Tag Archives: enlightenment

Merging of Differences: A Single But Shared Existence

By: David Xi-Ken Astor, Sensei

One of the most fundamental and central Buddhist teachings is that of interdependence and interconnectiveness. They are the major threads that help weave the fabric for understanding the principle of Dependent Origination (mutual-causality). In the Mahayana Buddhist traditions we might also say Inter-dependent Origination. The other two additional treads for consideration would be the principle teachings of impermanence and anatman (nonself). The Vietnamese Zen Master, Thich Nhat Hanh, uses the words “inter-being” to represent this connectiveness we share with all other Universal expressions.

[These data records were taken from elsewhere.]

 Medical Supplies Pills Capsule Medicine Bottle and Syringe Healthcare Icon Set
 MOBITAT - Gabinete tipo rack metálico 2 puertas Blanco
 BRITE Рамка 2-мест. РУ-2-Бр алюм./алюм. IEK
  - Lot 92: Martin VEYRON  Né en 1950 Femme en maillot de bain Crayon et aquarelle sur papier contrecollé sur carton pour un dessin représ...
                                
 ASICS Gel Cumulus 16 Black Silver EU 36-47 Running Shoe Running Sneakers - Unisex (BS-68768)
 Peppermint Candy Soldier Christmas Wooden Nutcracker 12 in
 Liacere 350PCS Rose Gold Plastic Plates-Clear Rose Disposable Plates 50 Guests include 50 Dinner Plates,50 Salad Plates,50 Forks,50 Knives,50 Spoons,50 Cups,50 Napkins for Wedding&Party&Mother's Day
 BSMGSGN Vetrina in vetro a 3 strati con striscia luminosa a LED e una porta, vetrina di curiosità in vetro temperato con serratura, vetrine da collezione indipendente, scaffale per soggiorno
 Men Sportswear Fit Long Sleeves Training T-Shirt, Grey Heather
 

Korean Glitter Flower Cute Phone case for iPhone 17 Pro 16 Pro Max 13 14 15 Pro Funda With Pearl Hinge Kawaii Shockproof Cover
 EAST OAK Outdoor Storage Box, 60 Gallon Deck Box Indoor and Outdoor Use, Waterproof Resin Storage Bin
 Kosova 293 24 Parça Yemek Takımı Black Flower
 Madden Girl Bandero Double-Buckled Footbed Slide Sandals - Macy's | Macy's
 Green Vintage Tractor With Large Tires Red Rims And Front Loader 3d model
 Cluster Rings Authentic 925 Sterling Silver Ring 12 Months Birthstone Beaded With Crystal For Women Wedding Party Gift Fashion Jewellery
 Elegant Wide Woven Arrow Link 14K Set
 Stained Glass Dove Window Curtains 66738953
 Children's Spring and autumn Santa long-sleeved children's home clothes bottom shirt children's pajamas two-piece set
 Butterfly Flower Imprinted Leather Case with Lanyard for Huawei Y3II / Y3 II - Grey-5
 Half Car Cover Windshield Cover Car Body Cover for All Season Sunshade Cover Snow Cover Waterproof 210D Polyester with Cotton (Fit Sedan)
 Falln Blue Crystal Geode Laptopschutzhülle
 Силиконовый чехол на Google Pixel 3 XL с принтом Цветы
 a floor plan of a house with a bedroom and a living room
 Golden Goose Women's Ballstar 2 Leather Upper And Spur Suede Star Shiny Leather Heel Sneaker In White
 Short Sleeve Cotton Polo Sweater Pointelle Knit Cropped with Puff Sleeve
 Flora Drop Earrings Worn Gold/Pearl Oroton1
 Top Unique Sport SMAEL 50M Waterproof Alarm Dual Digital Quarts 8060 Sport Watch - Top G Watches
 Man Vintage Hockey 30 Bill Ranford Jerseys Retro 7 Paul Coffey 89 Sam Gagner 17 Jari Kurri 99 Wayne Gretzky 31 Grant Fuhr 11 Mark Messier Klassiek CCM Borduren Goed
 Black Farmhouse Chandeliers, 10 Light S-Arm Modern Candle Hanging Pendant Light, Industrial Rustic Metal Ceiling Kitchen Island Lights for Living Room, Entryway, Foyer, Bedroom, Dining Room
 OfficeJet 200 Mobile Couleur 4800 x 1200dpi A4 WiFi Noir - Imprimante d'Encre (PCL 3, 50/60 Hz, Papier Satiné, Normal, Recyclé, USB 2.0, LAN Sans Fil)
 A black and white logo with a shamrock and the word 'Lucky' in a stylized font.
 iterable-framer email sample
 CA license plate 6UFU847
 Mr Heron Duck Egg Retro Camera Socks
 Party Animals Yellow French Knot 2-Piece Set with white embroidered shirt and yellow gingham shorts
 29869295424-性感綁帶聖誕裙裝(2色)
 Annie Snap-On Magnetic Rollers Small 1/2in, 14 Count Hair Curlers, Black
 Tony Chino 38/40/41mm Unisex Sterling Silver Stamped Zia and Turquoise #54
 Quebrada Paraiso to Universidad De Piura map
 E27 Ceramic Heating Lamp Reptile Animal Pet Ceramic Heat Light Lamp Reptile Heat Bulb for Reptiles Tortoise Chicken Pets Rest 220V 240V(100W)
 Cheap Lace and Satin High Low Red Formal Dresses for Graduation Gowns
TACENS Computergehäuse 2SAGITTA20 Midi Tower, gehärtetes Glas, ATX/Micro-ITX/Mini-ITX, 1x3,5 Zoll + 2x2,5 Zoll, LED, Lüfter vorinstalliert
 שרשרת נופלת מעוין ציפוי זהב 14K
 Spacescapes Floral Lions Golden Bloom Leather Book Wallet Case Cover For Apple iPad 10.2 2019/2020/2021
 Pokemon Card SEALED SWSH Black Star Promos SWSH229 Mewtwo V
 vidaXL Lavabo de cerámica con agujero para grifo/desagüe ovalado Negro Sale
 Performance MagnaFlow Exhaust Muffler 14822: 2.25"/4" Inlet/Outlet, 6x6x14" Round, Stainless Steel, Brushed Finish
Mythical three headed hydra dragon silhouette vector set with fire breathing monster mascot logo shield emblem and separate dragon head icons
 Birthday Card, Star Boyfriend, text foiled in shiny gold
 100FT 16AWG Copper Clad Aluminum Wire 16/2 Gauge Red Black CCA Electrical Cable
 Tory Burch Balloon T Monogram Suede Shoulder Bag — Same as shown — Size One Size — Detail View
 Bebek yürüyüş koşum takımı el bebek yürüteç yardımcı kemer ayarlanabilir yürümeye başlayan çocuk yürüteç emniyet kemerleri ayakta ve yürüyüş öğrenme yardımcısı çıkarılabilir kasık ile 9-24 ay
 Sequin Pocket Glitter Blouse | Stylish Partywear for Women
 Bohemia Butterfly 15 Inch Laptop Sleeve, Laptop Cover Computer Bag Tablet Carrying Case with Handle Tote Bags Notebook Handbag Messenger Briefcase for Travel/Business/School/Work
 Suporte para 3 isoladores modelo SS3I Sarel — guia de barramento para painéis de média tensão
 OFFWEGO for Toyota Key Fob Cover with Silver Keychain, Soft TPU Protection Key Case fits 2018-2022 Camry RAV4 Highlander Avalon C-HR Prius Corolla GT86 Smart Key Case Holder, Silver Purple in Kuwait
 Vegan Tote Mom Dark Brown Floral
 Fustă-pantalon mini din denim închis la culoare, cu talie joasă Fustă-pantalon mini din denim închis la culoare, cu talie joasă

All methods aiming at our realization of an awakened bodymind has its origin in our understanding these Buddhist constructs. This takes all our effort at skillful means to achieve the wisdom necessary to see both our independent-self, and our inter-shared-being that is what we call our Buddha nature. As we begin to merge how we see the world around us with what we see as difference, we also awaken to the reality that this Buddha nature is also Dharma. No distinction.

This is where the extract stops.